As I write this my credit card is in a container of water in the freezer, turning into a frozen block of debt. Yes, just like in the the movies. ENOUGH! I need to get a grip and sop using my credit cards. Period. It doesn't matter if I get airline miles, cash back, whatever. It is debt. Not only did I rip my credit card out of my wallet and fling it in the freezer, but I moved my savings over to my checking and used it to make payments on my two credit cards.
What set off this flurry of activity? When I arrived home tonight there was a letter from my USAir MasterCard that started "Important Notice of Changes to Your Credit Card Account Ending in XXXX". As of November 1, 2009, my APR (Annual Percentage Rate) is switching to a variable rate. According to this letter the current variable APR is 5% higher than my current APR. In two months my account will be at the mercy of the evil credit lords. Eeeep!

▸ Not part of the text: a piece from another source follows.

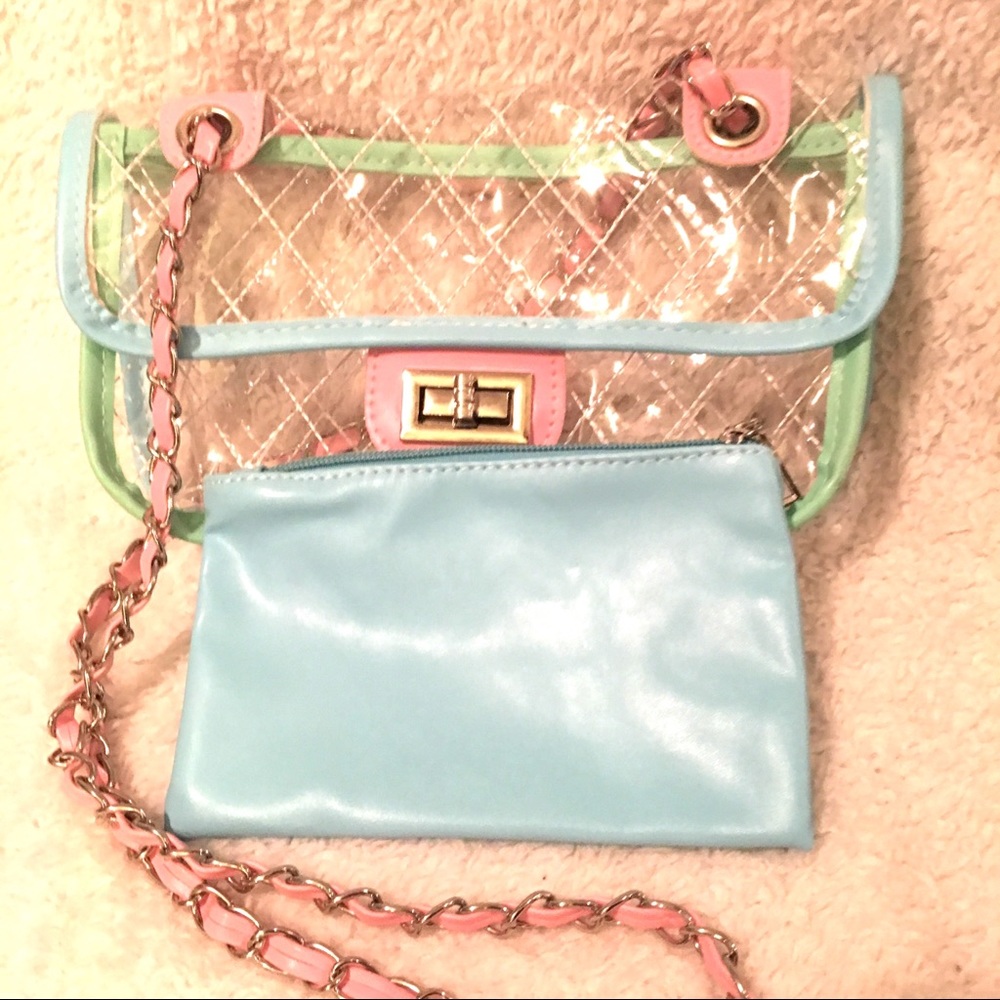 CLEAR OR TRANSPARENT WITH PINK & MINT TRIM HANDBAG - Picture 7 of 8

How can this be happening? How do I even have credit card debt? A few years ago I was in a lot of debt, declared bankruptcy, and started fresh. I was really careful. I planned, saved, and didn't use credit cards. I applied for a credit card to build my credit score back up, and use it responsibly. Well, the economy is in the toilet and so is my job. I've had major pay cuts this year and because of that, am now in debt again. It's not much compared to how much I was in debt before, and compared to the average amount Americans carry in credit card debt I wouldn't even be considered in debt. But it makes me nervous. Debt is a slippery slope and I don't want to be in fear of creditors or worried that I can't pay my rent by the end of the year.

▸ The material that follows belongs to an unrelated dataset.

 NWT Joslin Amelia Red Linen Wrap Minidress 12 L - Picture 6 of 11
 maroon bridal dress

I'm posting this here so that I will be serious about paying down the debt and keeping on track with my spending. Yes, it's worth it to not eat lunch out when I'm down so that I keep that $7 off of my credit card balance. When I want to hang out with my friends or splurge a little on a magazine or book, I need to really think about what I'm getting out of that versus the potential debt it will give me. Isn't it worth some saving to be able to pay the bills that matter and not have an anxiety attack over it? I think so. I know this is going to be hard, but I have to do this now and not when I'm too far in to fix it.